- Work order
Exactly as they appear below, repeat the lines from the one with "korrosionsbeständige Klingen, Küchenhelfer" through the one with "Vdaxvme 2 Stück", and no others.

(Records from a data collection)
**********

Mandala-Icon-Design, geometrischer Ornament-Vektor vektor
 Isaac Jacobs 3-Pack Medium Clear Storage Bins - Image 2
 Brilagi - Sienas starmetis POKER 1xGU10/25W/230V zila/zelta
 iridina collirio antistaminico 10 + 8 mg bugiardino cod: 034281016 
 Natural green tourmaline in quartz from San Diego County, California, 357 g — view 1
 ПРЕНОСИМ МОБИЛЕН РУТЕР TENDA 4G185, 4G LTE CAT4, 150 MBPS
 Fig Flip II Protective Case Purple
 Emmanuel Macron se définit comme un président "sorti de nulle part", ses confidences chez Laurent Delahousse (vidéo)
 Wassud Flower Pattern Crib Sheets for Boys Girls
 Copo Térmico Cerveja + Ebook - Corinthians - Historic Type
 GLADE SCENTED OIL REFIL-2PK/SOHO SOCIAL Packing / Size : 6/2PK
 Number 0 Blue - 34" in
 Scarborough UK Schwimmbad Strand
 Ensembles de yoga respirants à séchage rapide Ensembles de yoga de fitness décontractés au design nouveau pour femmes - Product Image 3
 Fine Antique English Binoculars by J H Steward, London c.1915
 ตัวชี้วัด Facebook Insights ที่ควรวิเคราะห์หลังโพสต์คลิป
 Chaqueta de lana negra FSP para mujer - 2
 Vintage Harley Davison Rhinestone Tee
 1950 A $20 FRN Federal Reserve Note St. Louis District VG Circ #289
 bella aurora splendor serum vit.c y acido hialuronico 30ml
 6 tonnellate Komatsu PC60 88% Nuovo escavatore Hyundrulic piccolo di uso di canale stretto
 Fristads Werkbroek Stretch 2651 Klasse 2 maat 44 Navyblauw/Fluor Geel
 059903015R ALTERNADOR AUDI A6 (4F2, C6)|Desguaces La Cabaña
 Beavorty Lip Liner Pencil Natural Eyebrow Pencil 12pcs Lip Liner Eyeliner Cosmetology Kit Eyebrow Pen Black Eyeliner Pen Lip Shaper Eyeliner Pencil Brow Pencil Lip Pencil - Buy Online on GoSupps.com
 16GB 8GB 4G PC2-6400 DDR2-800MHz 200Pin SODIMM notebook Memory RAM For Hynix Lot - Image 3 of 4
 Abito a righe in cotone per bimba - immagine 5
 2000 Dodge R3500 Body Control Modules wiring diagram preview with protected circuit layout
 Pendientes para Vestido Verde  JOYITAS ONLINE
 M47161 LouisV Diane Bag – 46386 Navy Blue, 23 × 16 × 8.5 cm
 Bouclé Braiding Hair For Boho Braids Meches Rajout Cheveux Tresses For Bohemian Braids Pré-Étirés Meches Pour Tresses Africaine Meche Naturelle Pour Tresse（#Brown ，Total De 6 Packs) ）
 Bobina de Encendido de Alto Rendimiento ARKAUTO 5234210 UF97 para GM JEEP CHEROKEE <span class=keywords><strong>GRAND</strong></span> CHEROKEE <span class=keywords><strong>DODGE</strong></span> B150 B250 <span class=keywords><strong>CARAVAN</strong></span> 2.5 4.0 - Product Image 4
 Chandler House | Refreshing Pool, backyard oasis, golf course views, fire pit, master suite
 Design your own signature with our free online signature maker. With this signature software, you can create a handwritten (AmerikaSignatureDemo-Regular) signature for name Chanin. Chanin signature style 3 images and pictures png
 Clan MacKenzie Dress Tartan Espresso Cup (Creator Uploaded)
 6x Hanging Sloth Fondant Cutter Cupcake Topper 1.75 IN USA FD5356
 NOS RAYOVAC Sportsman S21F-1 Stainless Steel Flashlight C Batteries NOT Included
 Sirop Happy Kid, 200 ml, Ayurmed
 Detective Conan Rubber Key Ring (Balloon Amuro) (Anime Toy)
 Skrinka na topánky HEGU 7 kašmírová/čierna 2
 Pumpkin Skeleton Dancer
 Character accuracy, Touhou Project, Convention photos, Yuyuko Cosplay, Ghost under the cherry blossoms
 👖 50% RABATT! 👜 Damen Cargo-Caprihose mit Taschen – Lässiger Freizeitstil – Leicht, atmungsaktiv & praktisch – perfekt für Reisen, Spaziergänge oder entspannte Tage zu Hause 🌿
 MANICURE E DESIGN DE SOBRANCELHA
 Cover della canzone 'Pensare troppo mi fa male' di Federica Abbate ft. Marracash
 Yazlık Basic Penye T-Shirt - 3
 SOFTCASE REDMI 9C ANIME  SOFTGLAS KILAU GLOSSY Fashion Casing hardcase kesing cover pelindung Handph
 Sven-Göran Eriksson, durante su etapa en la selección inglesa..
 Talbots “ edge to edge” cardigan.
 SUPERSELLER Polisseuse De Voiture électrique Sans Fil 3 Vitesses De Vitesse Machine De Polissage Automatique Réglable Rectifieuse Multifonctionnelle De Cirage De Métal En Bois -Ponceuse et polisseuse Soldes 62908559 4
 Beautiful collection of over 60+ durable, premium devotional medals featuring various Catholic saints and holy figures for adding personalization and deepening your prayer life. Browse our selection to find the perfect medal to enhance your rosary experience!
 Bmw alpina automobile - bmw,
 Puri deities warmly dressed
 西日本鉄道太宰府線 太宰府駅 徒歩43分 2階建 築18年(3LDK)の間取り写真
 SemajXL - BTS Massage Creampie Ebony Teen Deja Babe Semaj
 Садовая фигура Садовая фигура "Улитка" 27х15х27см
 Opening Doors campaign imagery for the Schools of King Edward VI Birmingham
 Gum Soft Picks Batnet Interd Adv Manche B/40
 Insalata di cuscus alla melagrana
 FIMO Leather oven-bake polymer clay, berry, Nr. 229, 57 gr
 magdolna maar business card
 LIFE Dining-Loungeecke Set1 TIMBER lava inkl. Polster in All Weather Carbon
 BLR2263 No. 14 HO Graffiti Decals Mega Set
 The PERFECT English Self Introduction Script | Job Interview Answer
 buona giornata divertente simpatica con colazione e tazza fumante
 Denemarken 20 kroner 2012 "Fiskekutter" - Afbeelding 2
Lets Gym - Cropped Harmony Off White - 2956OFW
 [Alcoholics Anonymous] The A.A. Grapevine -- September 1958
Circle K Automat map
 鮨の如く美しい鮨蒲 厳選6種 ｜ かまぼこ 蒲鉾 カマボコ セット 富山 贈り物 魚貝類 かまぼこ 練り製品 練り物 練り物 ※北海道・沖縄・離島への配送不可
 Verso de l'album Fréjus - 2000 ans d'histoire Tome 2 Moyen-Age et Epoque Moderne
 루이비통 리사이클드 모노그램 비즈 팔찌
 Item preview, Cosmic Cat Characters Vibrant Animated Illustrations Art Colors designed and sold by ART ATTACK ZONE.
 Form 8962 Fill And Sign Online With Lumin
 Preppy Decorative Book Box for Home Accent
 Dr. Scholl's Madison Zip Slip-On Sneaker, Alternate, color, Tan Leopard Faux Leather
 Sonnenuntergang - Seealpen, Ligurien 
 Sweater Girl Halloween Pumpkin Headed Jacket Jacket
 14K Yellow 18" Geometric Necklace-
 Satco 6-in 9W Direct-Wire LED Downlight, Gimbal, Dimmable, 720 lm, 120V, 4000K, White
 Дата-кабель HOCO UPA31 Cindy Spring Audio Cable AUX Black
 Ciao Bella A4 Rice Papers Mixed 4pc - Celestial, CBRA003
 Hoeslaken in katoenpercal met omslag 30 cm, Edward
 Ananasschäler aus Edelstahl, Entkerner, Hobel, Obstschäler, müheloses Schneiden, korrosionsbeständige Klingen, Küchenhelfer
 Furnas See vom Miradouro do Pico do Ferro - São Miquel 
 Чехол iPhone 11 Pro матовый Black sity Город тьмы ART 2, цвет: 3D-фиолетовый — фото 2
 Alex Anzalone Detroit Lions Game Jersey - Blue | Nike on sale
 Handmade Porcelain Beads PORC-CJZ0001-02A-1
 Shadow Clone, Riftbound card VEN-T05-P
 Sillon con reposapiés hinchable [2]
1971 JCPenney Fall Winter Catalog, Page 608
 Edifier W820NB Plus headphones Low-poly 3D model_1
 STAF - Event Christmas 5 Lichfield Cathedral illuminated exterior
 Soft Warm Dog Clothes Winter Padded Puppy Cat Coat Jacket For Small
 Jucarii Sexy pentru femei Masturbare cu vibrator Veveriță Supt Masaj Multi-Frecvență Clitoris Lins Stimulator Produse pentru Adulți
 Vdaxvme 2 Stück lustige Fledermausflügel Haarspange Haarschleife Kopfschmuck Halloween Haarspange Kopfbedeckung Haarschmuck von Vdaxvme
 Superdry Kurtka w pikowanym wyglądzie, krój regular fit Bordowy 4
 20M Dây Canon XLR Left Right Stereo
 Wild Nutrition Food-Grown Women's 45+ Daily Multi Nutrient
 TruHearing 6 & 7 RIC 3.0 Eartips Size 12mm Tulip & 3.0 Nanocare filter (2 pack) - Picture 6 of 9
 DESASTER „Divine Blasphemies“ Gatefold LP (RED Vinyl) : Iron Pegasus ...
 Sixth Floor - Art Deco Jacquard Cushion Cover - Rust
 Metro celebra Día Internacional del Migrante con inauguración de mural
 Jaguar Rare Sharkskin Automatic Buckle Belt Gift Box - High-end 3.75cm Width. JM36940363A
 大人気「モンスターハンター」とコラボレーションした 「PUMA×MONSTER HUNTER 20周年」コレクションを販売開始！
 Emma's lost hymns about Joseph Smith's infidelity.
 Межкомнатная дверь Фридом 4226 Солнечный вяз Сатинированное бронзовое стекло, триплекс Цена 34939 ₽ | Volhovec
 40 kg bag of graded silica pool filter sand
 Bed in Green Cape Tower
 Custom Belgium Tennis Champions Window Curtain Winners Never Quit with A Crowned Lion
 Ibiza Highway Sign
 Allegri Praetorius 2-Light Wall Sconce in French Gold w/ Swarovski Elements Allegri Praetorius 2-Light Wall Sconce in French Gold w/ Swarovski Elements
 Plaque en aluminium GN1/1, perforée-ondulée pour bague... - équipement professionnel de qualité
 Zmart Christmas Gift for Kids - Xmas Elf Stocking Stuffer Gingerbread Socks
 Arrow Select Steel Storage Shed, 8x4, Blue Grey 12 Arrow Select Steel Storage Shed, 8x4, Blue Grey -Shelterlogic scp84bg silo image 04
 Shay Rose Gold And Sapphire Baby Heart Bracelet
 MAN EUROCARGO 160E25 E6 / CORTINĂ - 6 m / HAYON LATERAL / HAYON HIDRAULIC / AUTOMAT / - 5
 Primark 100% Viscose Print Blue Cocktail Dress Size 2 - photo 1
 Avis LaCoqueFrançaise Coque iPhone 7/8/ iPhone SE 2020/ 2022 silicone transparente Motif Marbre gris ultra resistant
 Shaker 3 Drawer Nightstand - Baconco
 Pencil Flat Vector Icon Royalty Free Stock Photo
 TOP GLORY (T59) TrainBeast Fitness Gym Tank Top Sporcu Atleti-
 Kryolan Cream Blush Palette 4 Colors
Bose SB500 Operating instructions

**********

- Result of the task
 Ananasschäler aus Edelstahl, Entkerner, Hobel, Obstschäler, müheloses Schneiden, korrosionsbeständige Klingen, Küchenhelfer
 Furnas See vom Miradouro do Pico do Ferro - São Miquel 
 Чехол iPhone 11 Pro матовый Black sity Город тьмы ART 2, цвет: 3D-фиолетовый — фото 2
 Alex Anzalone Detroit Lions Game Jersey - Blue | Nike on sale
 Handmade Porcelain Beads PORC-CJZ0001-02A-1
 Shadow Clone, Riftbound card VEN-T05-P
 Sillon con reposapiés hinchable [2]
1971 JCPenney Fall Winter Catalog, Page 608
 Edifier W820NB Plus headphones Low-poly 3D model_1
 STAF - Event Christmas 5 Lichfield Cathedral illuminated exterior
 Soft Warm Dog Clothes Winter Padded Puppy Cat Coat Jacket For Small
 Jucarii Sexy pentru femei Masturbare cu vibrator Veveriță Supt Masaj Multi-Frecvență Clitoris Lins Stimulator Produse pentru Adulți
 Vdaxvme 2 Stück lustige Fledermausflügel Haarspange Haarschleife Kopfschmuck Halloween Haarspange Kopfbedeckung Haarschmuck von Vdaxvme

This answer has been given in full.